The principal focus is on changes to the legal aid scheme – Part 1 of the Act.

Part 2 of the Act introduced changes to the costs rules relating to civil litigation proposed in the review led by Lord Justice Jackson.

Progress with this review has been slower than with the legal aid review. But in June 2018, the Government published a short statement on how it thought the changes were going, and set out a number of questions on which it sought evidence from practitioners and other civil justice stakeholders.

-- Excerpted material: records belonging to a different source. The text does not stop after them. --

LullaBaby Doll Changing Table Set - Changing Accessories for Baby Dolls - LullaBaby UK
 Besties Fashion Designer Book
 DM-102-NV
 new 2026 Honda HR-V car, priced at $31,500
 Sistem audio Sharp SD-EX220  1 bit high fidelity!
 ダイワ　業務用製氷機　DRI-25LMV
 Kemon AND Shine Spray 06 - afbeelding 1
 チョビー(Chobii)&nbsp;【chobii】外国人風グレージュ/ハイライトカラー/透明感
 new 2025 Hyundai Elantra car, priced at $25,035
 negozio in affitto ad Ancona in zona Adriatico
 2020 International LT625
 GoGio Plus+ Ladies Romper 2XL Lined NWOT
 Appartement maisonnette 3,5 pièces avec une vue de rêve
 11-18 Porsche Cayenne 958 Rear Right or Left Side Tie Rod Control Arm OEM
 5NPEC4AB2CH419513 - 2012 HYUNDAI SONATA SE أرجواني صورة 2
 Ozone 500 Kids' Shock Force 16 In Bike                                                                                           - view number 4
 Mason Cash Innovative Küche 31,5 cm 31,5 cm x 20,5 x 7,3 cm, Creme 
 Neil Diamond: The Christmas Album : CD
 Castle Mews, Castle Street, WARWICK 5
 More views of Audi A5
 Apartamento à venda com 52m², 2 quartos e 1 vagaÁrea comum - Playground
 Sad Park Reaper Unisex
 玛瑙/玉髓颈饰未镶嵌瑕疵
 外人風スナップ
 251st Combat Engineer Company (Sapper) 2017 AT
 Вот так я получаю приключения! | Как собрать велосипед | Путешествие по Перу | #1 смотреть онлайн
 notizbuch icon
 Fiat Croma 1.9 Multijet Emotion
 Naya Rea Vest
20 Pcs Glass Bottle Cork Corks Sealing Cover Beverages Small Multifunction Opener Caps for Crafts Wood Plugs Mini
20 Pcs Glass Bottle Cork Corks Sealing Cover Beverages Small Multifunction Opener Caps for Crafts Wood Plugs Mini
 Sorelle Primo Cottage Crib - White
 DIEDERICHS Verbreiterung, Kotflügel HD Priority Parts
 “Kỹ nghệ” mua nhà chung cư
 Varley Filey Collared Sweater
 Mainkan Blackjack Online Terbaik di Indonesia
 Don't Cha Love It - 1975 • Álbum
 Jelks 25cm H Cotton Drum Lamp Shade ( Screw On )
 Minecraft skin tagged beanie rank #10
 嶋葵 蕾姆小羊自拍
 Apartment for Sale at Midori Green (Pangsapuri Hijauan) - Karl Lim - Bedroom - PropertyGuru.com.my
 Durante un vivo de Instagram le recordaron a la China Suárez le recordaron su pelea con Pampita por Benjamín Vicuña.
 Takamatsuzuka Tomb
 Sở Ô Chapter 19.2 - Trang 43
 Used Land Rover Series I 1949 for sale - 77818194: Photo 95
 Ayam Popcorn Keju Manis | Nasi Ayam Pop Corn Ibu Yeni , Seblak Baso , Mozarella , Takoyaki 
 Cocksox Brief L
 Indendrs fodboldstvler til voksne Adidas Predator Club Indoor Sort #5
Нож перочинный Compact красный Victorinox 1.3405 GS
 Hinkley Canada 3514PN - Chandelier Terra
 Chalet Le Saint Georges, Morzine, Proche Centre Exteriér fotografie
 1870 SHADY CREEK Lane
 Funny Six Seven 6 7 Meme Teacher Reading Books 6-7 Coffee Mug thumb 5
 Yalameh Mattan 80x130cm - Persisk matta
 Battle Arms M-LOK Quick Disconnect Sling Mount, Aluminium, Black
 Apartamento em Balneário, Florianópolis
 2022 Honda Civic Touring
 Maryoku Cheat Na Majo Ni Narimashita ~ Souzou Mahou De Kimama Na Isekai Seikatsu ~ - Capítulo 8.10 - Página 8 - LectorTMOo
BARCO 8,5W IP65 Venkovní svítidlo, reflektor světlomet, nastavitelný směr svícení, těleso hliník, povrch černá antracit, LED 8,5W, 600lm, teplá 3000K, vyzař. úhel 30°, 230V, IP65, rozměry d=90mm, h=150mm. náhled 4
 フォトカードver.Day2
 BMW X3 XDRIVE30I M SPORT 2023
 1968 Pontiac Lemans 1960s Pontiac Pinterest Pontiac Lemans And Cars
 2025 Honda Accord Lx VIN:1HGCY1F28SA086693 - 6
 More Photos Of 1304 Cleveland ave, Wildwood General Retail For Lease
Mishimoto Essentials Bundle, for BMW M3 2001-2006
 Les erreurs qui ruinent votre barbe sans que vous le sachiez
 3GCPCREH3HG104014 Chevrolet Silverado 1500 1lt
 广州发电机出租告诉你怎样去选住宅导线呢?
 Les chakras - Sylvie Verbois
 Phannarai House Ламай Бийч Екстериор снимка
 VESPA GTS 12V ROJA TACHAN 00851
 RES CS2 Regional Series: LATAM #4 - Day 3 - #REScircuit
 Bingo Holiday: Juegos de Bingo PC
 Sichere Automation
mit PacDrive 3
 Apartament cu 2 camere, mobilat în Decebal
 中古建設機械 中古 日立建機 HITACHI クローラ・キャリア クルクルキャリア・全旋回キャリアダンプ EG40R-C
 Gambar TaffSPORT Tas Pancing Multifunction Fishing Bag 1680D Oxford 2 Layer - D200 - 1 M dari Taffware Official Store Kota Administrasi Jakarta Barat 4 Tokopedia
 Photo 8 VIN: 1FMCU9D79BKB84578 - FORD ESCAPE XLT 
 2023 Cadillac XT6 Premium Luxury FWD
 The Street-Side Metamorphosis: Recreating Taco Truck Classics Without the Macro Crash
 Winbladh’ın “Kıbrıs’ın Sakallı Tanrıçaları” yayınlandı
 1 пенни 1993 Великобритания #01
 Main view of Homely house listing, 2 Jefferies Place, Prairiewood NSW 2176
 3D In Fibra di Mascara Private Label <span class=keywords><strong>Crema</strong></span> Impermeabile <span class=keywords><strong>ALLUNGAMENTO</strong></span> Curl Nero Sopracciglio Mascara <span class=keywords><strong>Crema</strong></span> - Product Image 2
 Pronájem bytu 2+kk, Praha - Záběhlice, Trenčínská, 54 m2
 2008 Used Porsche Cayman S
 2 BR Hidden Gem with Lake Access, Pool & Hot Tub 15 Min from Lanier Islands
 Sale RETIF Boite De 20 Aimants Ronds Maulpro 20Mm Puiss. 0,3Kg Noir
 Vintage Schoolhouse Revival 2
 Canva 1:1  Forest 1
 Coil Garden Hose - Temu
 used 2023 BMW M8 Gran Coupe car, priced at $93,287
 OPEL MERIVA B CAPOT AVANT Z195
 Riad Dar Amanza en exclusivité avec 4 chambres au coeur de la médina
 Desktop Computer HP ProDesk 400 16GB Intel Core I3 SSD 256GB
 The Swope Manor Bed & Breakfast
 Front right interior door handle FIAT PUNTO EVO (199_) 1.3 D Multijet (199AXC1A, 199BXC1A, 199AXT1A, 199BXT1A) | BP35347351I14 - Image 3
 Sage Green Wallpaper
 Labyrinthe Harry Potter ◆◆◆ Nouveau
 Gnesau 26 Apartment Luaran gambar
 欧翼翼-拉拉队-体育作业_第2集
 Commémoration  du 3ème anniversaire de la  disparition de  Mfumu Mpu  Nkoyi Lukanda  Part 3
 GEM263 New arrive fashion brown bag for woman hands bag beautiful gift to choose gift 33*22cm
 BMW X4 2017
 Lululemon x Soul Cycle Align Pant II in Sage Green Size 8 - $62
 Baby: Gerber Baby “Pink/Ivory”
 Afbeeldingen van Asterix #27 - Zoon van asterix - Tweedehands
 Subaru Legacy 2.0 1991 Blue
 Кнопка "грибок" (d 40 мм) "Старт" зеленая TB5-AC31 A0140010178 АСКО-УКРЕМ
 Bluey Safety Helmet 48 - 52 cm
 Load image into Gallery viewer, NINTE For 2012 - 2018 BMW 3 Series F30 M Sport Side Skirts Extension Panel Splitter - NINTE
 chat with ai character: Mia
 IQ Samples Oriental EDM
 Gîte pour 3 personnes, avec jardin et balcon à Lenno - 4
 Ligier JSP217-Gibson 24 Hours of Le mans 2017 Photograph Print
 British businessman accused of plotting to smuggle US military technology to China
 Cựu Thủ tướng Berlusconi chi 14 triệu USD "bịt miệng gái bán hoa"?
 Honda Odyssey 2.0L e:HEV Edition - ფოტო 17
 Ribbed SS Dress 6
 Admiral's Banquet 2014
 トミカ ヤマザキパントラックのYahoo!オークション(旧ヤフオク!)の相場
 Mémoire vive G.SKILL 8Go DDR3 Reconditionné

The focus of the inquiry is on the five principal reforms contained in the Act. They are

  • (i) non-recoverability of Conditional Fee Agreement success fees;
  • (ii) non-recoverability of After the Event insurance premiums,
  • (iii) the introduction of Damages-Based Agreements,
  • (iv) section 55 changes to Part 36 offers to settle proceedings,
  • (v) banning referral fees in personal injury cases.

The preliminary view of officials is that while their introduction was very contoversial, they are working pretty well in practice.

In June 2018, the Government has published an initial assessment together with a list of questions to which it hopes practitioners will respond during the summer of 2018. A further report will be published in due course.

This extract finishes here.